Friday, August 27, 2004

Code is Law. NOT!

Put up a small report at the INDICARE site on the Code as Code conference in Amsterdam, July 1 & 2. On Lessig's legacy and beyond: Code is not law.
The report is part of a new emission of (much more interesting) articles in the third INDICARE Monitor. Some nice info and opinions on DRM and related stuff out there. But then I'm a bit biased.

Thursday, August 26, 2004

Stretched Copyright

A court in Amsterdam has concluded today that a cigar salesman has violated the copyright of a woman by displaying her picture on the door of his shop. He suspected her of stealing. The salesman put up a photo of the 79 year old woman with the text "This woman has stolen here!". Her family claimed she suffered from Alzheimer and sued the salesman. The court decided that the woman "did not give permission to publish her portrait". It also noted that "publication of the picture contains an element of punishment" and leads people to play for judge.

Astroturf

I used to play sports on Astroturf for years, but never was aware that the term is used to describe a professionally induced (media) campaign presented as a spontaneous popular uprising. Internet tools are said to have increased this practice, particularly now they are used as weapons of propaganda in the current political arena in the U.S.. This to the dismay of newspaper editors, who try to filter out the machinal generated letters. A nice, lengthy article on the phenomenon can be found here .

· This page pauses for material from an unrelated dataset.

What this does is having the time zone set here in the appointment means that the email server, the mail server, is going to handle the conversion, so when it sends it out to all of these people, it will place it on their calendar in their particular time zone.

Be sure to skip to the end if it gets boring and read the opinion on anonymous posting from a certain Belinda Brewster from Plymouth: "You should demand accountability of your readers if they choose to opine whether it's in their own words or with a form letter."
Guess there aren't any knocks on the door or lynching parties in Plymouth for political or any other dissent. Guess Belinda doesn't care for a right to read anonymously.

Thru Techdirt

Copy-Paste Court Culture

An interesting posting at the Volokh Conspiracy on a U.S. District Court that copy-pasted a proposed opinion and presented it as its own. It did not even try to keep up the facade of judicial impartiality. A Circuit Court remanded this practice and both the District Court's opinion and the appellee's proposed opinion that was plundered, are attached to the Circuit Court's opinion. Get it? Seek the differences.

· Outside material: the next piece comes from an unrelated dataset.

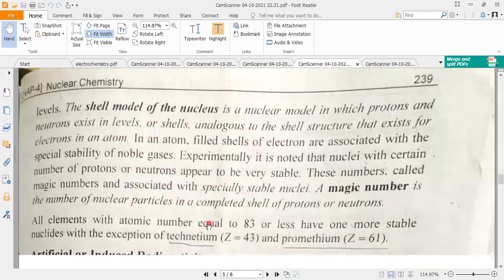To summarize, remember stability in terms of the neutron-to-proton ratio. Thank you.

Wednesday, August 25, 2004

Fear and Filtering in Samoa

"I want you to understand that this man at the wheel is my attorney! He's not just some dingbat I found on the Strip. Shit, look at him! He doesn't look like you or me, right? That's because he's a foreigner. I think he's probably Samoan. But it doesn't matter, does it? Are you prejudiced?"
Hunter S. Thompson - Fear and Loathing in Las Vegas

BBC News brings an interesting story on the national ICT strategy of the Pacific island of Samoa, which seeks "internet for all" to boost the economy. The story reveals some sparks of prejudism towards the internet, though maybe prejudism is a too harsh a word here. Fear for a decline of the cultural heritage and national values under pressure of the global network might be a more subtle description. The Dean of the Faculty of Science and the National University of Samoa says it as follows:
"One of the things that I worry about is how this exposure is going to impact on the culture. [...] We're exposing ourselves to a whole lot of philosophies and ways of life, bringing in a lot of western values."
Yesterday I noted in relation to the Yahoo! case the clash of speech values between western countries, notably the U.S. and Europe/France. The clash of values, be they cultural or political, can be a reason for states to fence out the net. Possibilities are geolocation, as in the Yahoo! case, or national gateways like "The Great Firewall of China". The effectiveness of these techniques is debatable, but they are employed to fence out dissident and/or unwanted speech. Porn is, as always, seen as the great smut the internet generates, and for many a country outlawed. No difference there for Samoa, or at least its Prime-Minister:
"The internet is OK so long as we impose the necessary controls to cut out pornography which would be damaging for our people. [...] This aspect of control will always be with us."
He has proposed to implement a national filter, but this technical code solution has been dropped for a tightening of traditional, legal code: the punishment of anyone downloading pornography. In Saudi Arabia similar concerns did result in national filtering, which is described by its government as "preserv[ing] our Islamic values, filtering the Internet content to prevent the materials that contradict with our beliefs or may influence our culture."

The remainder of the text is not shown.